Теперь он в твоих руках, в твоих длинных пальцах. Две твоих кисти спасают жизнь садиста, ре-ани-мируют преступника.

Твои руки – руки интеллигента, но похожи они, как слепок,на руки твоего отца, питерского пролетария, революционера, а впоследствии партийного бюрократа, а еще дальше беспардонного зека Аполлинария. Твои руки и мстить-то не умеют. Они привыкли оперировать больных и щупать баб, у них нет вкуса к оружию, им даже неприятно сжиматься в кулаки.

Ладно, не мсти, но только лишь выдерни у него иглу из вены и предоставь все дело природе. Не ты ведь колотил его вонючей башкой по радиатору – сам бился! Пусть сам и загибается! Ты не имеешь права его спасать!

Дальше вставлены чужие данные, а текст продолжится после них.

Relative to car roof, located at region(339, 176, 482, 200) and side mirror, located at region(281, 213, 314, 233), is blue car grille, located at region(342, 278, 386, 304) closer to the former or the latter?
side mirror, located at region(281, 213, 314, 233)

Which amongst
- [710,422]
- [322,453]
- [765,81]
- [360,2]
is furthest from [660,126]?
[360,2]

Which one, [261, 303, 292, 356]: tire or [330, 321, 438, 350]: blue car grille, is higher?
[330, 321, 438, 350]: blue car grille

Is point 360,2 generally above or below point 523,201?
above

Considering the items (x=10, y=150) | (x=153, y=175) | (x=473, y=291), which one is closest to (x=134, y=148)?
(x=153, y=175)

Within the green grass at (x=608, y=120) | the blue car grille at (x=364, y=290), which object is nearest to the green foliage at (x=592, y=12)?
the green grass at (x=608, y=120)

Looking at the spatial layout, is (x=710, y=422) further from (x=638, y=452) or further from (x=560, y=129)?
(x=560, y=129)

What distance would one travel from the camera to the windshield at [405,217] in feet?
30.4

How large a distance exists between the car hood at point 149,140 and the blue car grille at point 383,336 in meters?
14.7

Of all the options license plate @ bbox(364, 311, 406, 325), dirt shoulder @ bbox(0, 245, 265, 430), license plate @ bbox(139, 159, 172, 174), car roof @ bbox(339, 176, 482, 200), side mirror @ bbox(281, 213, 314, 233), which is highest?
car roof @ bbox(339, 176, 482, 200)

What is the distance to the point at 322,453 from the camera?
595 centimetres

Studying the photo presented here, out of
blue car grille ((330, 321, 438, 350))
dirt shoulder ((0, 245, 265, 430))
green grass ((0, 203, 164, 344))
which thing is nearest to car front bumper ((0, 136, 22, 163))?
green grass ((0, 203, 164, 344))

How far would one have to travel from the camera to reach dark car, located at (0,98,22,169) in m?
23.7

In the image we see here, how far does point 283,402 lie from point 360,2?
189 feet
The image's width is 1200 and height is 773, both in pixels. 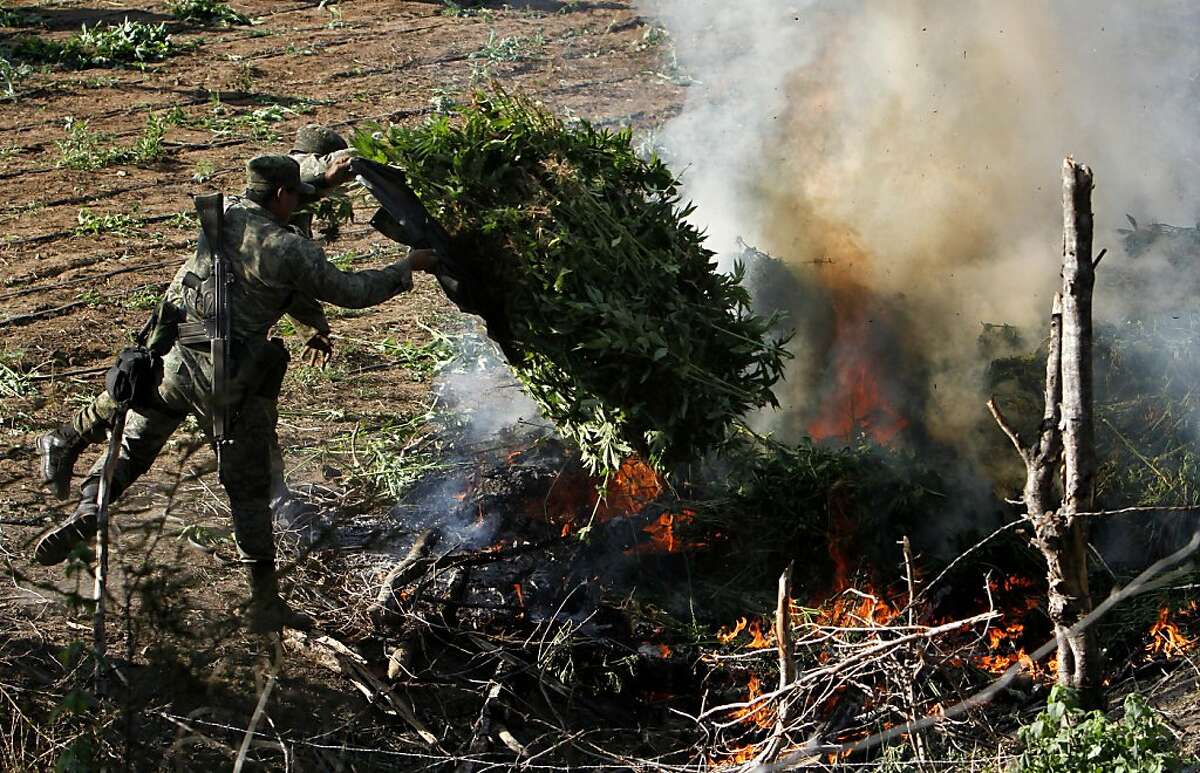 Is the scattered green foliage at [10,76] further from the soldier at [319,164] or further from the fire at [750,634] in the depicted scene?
the fire at [750,634]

Машина остановилась, и тут же подкатились носилки. Служба была хорошо налажена, потому что за ночные дежурства в реанимации платили двойные ставки.

Гурченко, лежащий на полу

следственного кабинета, увидел вдруг за ногами офицеров стоящего в коридоре под стенгазетой Толю. Он тут же оборвал свой вой и стоны, хотя как ему хотелось в эти минуты выть и стонать, знает только Всевышний.

Он молчал и тогда, когда капитан Чепцов бил его сапогом по почкам и в пах, и тогда, когда Чепцов наступил ему сапогом на лицо и встал на его лице, шутливо балансируя.

– Степан, Степан, – несколько обеспокоенным тоном сказал следователь Борис. – Не выходи из инструкций!

– Я бы их всех передавил без всяких инструкций! – сказал Чепцов, спрыгивая с Саниного лица. – Всех их детей, всех родственников и знакомых! Знаешь, я просто видеть не могу всех этих сук!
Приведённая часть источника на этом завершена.